** Work task **
Reproduce only this range: the line holding "Eskişehirspor, 17 Ekim'de" through the last line of the data below, both included, exactly, with no pictures.

** Dataset content **
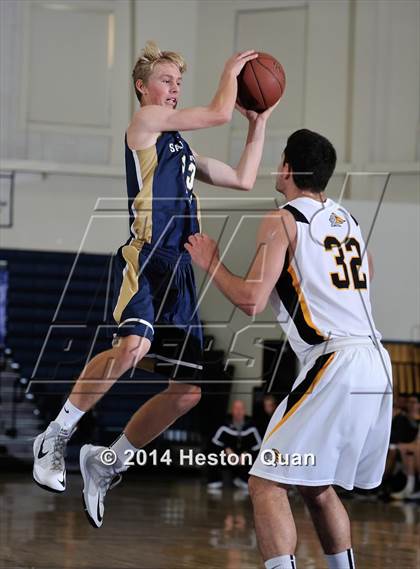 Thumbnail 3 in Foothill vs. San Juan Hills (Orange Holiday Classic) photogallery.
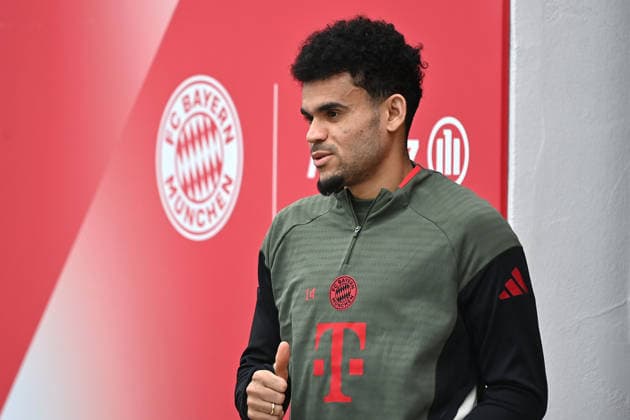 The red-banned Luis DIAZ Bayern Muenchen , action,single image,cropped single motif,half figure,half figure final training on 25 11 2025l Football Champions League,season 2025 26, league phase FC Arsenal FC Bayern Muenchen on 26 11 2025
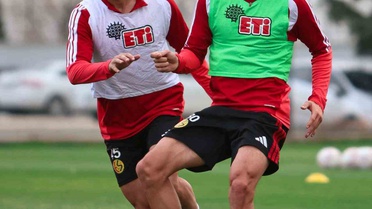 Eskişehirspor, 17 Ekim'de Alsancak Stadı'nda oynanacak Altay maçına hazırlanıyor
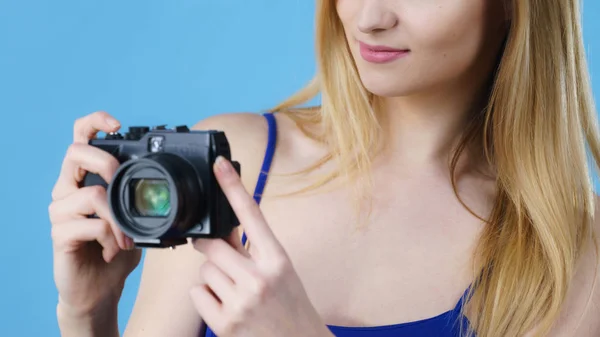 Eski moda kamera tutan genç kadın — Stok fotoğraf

** Exercise solution **
 Eskişehirspor, 17 Ekim'de Alsancak Stadı'nda oynanacak Altay maçına hazırlanıyor
 Eski moda kamera tutan genç kadın — Stok fotoğraf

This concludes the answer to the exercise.